Hyrum aspira el olor del bullicioso mercado de Tiro. Las especias de un puesto cercano se mezclan con el de la carne, el pescado, las flores y, sobre todo, el mar. Ese olor lo reconforta, ha llegado a su destino. Varias jornadas para atravesar toda Fenicia, está exhausto, pero feliz. Espera hacerse un hueco entre tanta oferta. Mira alrededor: tenderetes de vasijas, de piedras preciosas, de maderas, de telas, animales para el sacrificio, caballos, camellos, un poco más allá un puesto libre. Ese será el lugar para establecerse, piensa.
Se da cuenta que él, en su tablilla de madera, no puede dibujar nada que sea reconocible por los demás: ¿Cómo pintar un servicio? Se dedica a crear palabras, a contar historias. No vende nada tangible, nada que se pueda dibujar con una simple grafía como la rueda, la puerta, el pez…
Comienza a dar vueltas en la cabeza a una idea, una posibilidad entre las miles infinitas. ¿Cómo poder dibujar amor, desesperación, felicidad o canto? Coge el punzón y una tesela de barro sin cocer y piensa: “¿Y si a estas grafías que todos conocen les doy un sonido?”.
Hyrum, sin saberlo, ha tenido la idea que contendrá y perpetuará eternamente el resto de ideas. La idea que revolucionará y cambiará el mundo para siempre: Hyrum ha creado el alfabeto.

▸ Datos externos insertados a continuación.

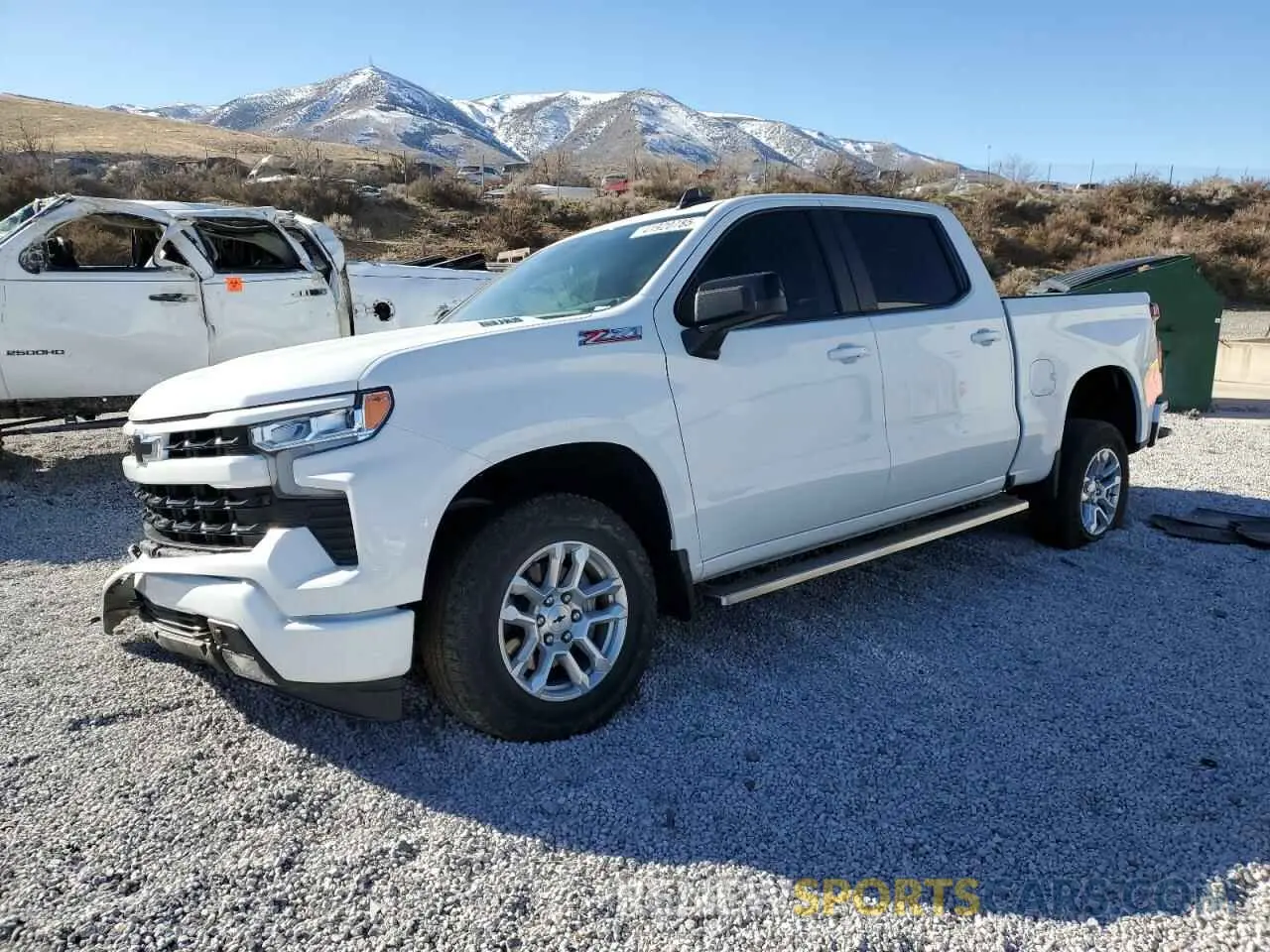1 fotografías del automóvil dañado 1GCUDEET9NZ568868 CHEVROLET ALL Models 2022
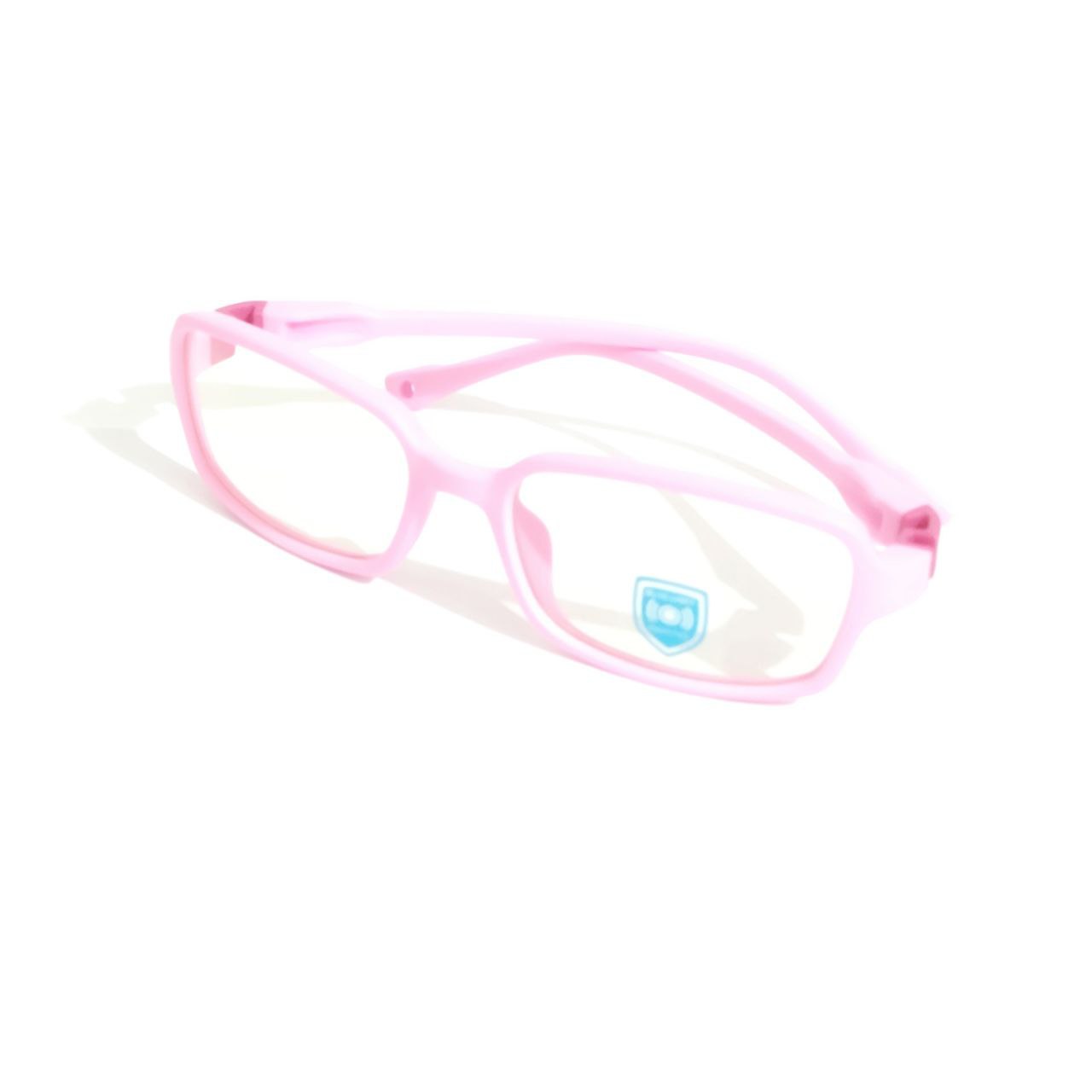 Pink Unbreakable Kids Flexible Glasses Age 3 to 5 Years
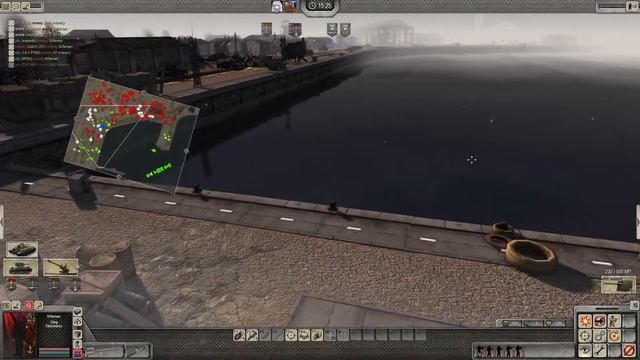 Проходим мод "Red Tide" для Men of War: Assault Squad 2 #4 смотреть онлайн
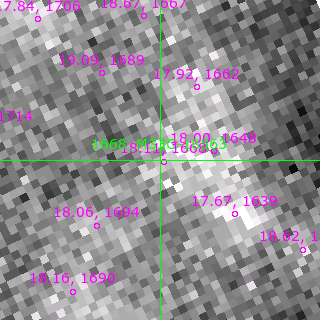 M33C-18563 in filter V on MJD  59879.130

Magistral el cuento. Corto pero sustancioso. Perfectamente pudo ser así. Y nos olvidamos que este descubrimiento es importantísimo, uno de los más. Más que internet, más que la web, más que el móvil. Nada de ello sería posible sin Hyrum y su descubrimiento, su inspiración. Todo lo que somos, para bien o para mal, se lo debemos a Hyrum. Y, ahora, lo queremos sustituir por pedo-grafismos, coña-íconos, emoticones cabrones, etc. Decadencia civilizatoria.